I was at an interesting presentation today by Andrew Ng about the STanford Artificial Intelligence Robot (STAIR) project. STAIR is a robot which integrates many fields of AI in an attempt to accomplish tasks which require a broad range of skills and intelligence. It is currently capable of fetching items in an office environment based on spoken commands. Although this may sound like a simple task, it requires integration of recent advancements in fields such as computer vision/object recognition, machine learning, planning, speech recognition, etc. The robot needs to be able to understand speech commands, navigate through offices, open doors, recognize objects, and pick up objects, none of which are easy to accomplish for an AI. One of the themes of the talk was that we are on the threshold of robots being capable of accomplishing tasks which may actually be useful for the average person. We were shown a video of a robot (teleoperated by a human) performing tasks such as unloading a dishwasher, vacuuming and cleaning a room. Robots are mechanically capable of performing useful tasks. All that remains is making them automated.

Andrew emphasized that in order to make progress in robotics we need to focus on lower level tasks in order to make robots less specialized for a single domain. While I definitely agree with this, he was referring to lower level tasks such as recognizing/grabbing objects and navigating. I think even these are still at a level much higher than what we should be focusing on. For example, take the task of trying to get depth information from a monocular image (see: http://make3d.stanford.edu). Understanding the 3-dimensional structure of the world is important for robots. Humans can use a variety of cues in order to get this information such as texture, color, haze, defocus, etc. In theory, all of these cues could be entirely learned from patterns in visual experience. Instead of manually implementing these cues, robots should be learning about the world themselves. Predicting and recognizing patterns in data is a fundamental task which can be applied to any AI problem. If we could design an AI which is capable of performing this one task well, all of the other higher level problems will be solved.

Robot Sumo

Yesterday I submitted an entry for the first round of Imagine Cup: Robotics & Algorithm. The first round involves programming the AI for a simulated sumo match between two iRobot Creates. Each robot has a webcam, two bumper sensors, and four IR sensors on the bottom to detect when it is over the outer circle.

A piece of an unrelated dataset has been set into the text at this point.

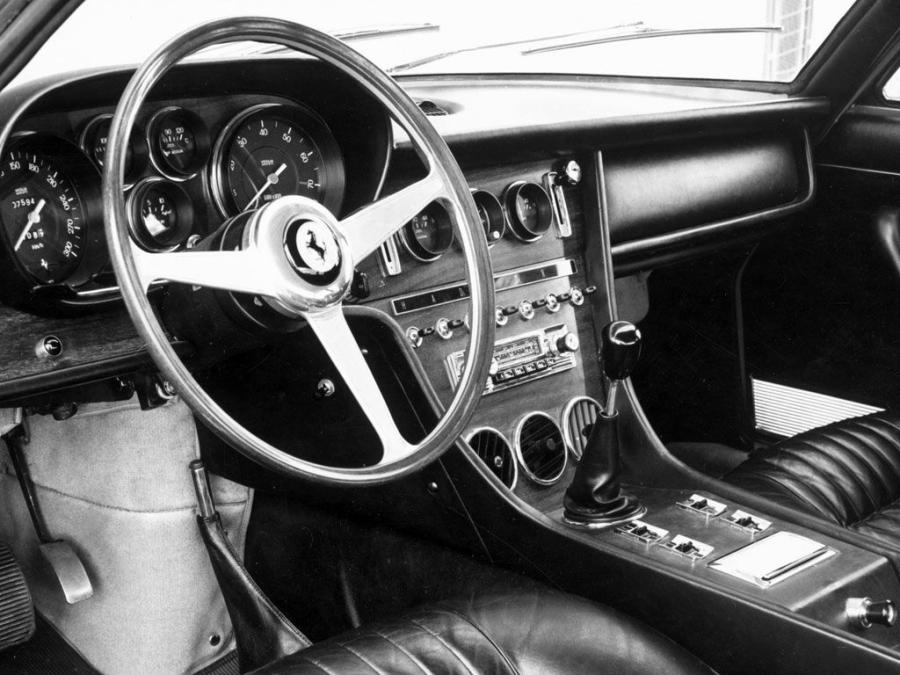  Ferrari 365 GT 2+2 1968 года  (фото 8 из 62)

Here is a simulation of a match in Microsoft Robotics Developer Studio (my AI controls the blue robot):



One thing I dislike about this contest is the fact that the physics engine makes designing a more advanced AI almost completely pointless since when two robots are pushing against each other it is about a 50-50 chance that one will end up below the other and able to push it outside the ring. I tried creating a more advanced strategy to avoid this problem by ramming the other robot and backing away repeatedly, but this just gave the other robot an advantage. The strategy that I ended up submitting has a few tricks such as avoiding repetitive behaviors and randomly choosing between possible actions. However, modifying the AI didn't seem to have any affect on its performance during the matches. Since the matches happen in real-time simulation, it is impossible to simulate a large enough sample size to determine if one strategy is actually superior to another.

I have registered in a team to compete in BattleCode, a programming competition hosted by MIT to design a computer game AI. We haven't started working on it yet, but it looks like it should be a fun project.

Data Compression and Machine Learning

There is an interesting relationship between data compression and machine learning. Any data compression algorithm can be used to perform pattern recognition. This can be done by simply comparing the file size of two independently compressed files to the file size of compressing them together. In other words, compare the size of (compression(A)+compression(B)) to compression(A+B). If the two files contain common patterns, then compression(A+B) will be smaller than (compression(A)+compression(B)). By comparing the relative file size difference using solid compression, it is possible to rank the similarity of different data sets.

In my machine learning course last semester we had an optional project to do binary classification on a dataset with thousands of features. We were given data in a training set which were classified into one of two categories (positive/negative). We needed to write an algorithm to classify test data. To compare the quality of our solution, we were given an implementation of AdaBoost with the following error rates:

false negative rate = 0.1429 (over 350 positive data)
false positive rate = 0.1429 (over 350 negative data)
sum: 0.2858

I used a neural network to achieve a lower error rate:

false negative rate = 0.14 (over 350 positive data)
false positive rate = 0.12285714285714286 (over 350 negative data)
sum: 0.2628571428571429

This morning I tried comparing some different data compression algorithms to see how well they are at binary classification. Using 7z I got the following error rates:

false negative rate = 0.31142857142857144 (over 350 positive data)
false positive rate = 0.2542857142857143 (over 350 negative data)

I also tried using gzip and paq8p. gzip was fast but had a terrible error rate. I think paq8p would have done much better than 7z, but it is extremely slow so I couldn't finish running it on the test set. I assume that in general better (slower) compression algorithms will have a lower error rate.